I’m having so much fun with the crime theme this week I’m continuing it today.
Bonnie and Clyde. The names evoke images of Faye Dunaway and Warren Beatty from the 1967 movie of the same name. The movie, no big surprise, was a romanticized version of the story. As told in this article from the March, 1965 issue of Detective Cases Bonnie and Clyde were not Beatty and Dunaway. Bonnie and Clyde caught the public’s fancy in the Depression days of the 1930s and their movements were followed eagerly by newspaper readers.
The article gives a fairly concise version of the Bonnie and Clyde story. What was shown in the movie of the deaths of the bandit duo was substantially correct. They were ambushed and shot to death by lawmen. But the name of Frank Hamer, who led the posse, is omitted from the magazine article.
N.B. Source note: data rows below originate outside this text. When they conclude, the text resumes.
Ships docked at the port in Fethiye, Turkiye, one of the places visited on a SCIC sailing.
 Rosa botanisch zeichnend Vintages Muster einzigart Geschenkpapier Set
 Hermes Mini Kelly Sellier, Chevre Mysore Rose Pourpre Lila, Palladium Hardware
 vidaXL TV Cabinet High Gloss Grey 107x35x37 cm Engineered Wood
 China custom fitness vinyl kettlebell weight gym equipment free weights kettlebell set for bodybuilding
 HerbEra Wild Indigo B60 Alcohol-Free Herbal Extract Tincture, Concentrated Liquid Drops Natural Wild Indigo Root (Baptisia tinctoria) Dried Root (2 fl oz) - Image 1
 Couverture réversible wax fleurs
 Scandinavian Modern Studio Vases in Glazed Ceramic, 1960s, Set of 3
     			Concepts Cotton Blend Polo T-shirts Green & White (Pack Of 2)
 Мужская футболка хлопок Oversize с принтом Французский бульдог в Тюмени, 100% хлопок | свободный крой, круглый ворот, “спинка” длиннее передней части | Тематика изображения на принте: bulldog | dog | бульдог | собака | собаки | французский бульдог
Hamer was an old-time lawman, and it was probably fitting he led the posse. Bonnie and Clyde, like the other famous traveling bank robbers and criminals of that time, were the last gasp of the nineteenth century era of Frank and Jesse James. The modern bandit gangs rode in Fords rather than on horses, and they used submachine guns instead of six-shooters, but they were still up to the same nefarious occupation.
The killing of Bonnie and Clyde was more of an assassination. Two dangerous, armed fugitives who shot to kill were ordered to be brought to justice, dead or alive. The posse chose dead. For the law it wrote an end to another bandit team, but not the legend of a pair whose exploits are still being talked about 70 years after their deaths.